Carvacrol is the chief ingredient of EO of this plant and an increase in the concentration of carvacrol and thymol results in an increase in its antibacterial activity; however, it should be pointed out that the antibacterial activity does not increase with only an increase in concentrations of these two compounds and the presence of other ingredients at proper concentrations will improve the performance of other ingredients with their synergistic effects.[5051] The most important mechanism of action of the EO of the plant under study is its ability to penetrate into the bacterial cell and its effect on the vital organelles of the microorganism after disrupting the permeability of the cell wall and cell membrane through its effect on the lipids of the cell membrane.[52] In addition, the ability of EOs to penetrate into microbial biofilms that are resistant to the penetration and effect of antibiotics[53] is an advantage apart from their antimicrobial properties, which might induce persistent and more effective effects in mouth rinses.

It should be emphasized that in vitro nature of the present study and other similar studies is some of the limitations here. In this context, the clinical use of EO in mouth rinses is associated with some complex issues. Based on the results of a study by Mohtashami et al., the concentrations of ingredients of EOs do not remain unchanged when they are stored under different conditions, with an increase in the concentration of carvacrol and a decrease in the concentration of ingredients with a low boiling point.[46]

Given the reciprocal effects of EO ingredients to induce proper antimicrobial effects, further studies are necessary to evaluate the antimicrobial effects of this extract under different storage conditions. In addition, the ingredients in the extract that are used for chemotherapy purposes in addition to their antimicrobial properties possibly exert toxic effects on the oral cavity mucosa, possibly inducing allergic reactions.[54] On the other hand, the oral cavity is a dynamic environment with different enzymes; therefore, it is possible that the ingredients of EO might undergo changes under the influence of oxidation and enzymatic reactions.[5556] Therefore, further and more comprehensive clinical studies are necessary before their clinical applications.

CONCLUSION

Aqueous extract and methanol extract did not show significant antibacterial activity against the test bacteria, but the EO significantly inhibited the growth of the test bacteria. S. salivarius and S. sanguis are more sensitive than S. mutans to S. hortensis EO.
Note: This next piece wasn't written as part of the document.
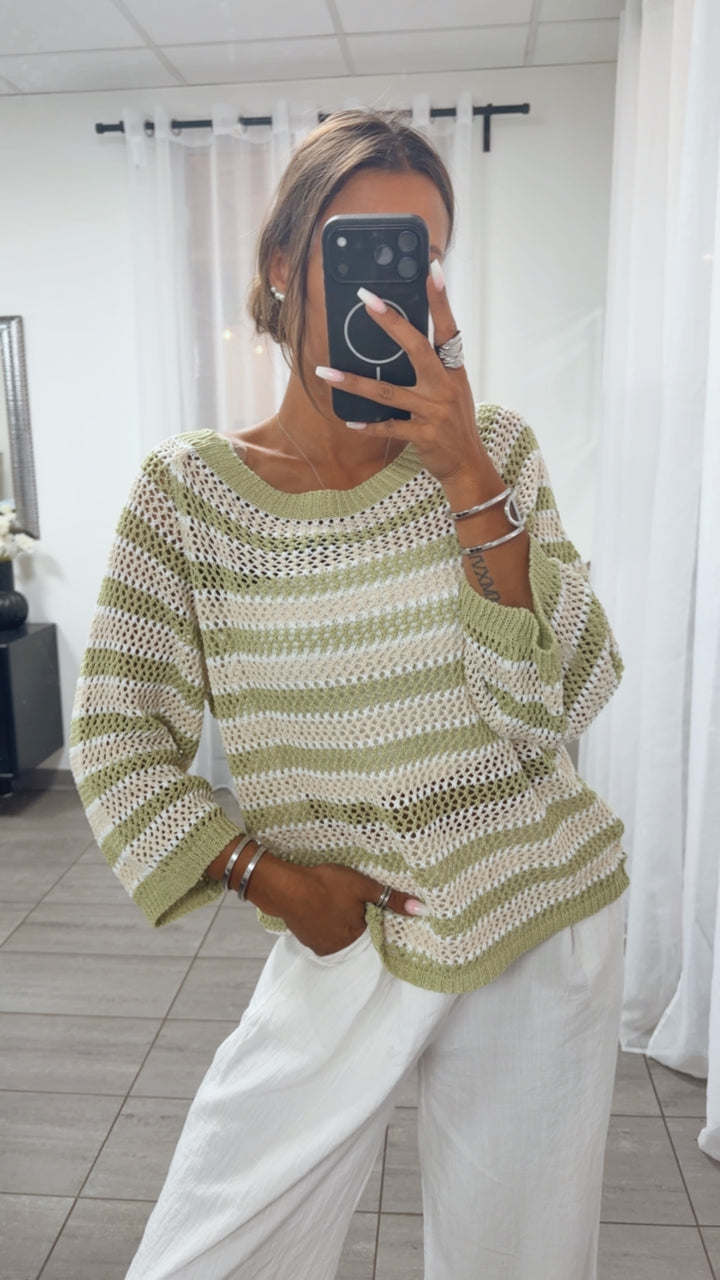 Luftiger, fester Streifen Strick Pullover / matcha - beige - weiß Art.15654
So due to the strong antibacterial effect of S. hortensis EO on the oral bacteria growth, it can be served as a herbal mouth rinse, but further clinical studies are necessary.

Financial support and sponsorship

This project was financially supported by Ahvaz Jundishapur University of Medical Sciences.

Conflicts of interest

The authors of this manuscript declare that they have no conflicts of interest, real or perceived, financial or nonfinancial in this article.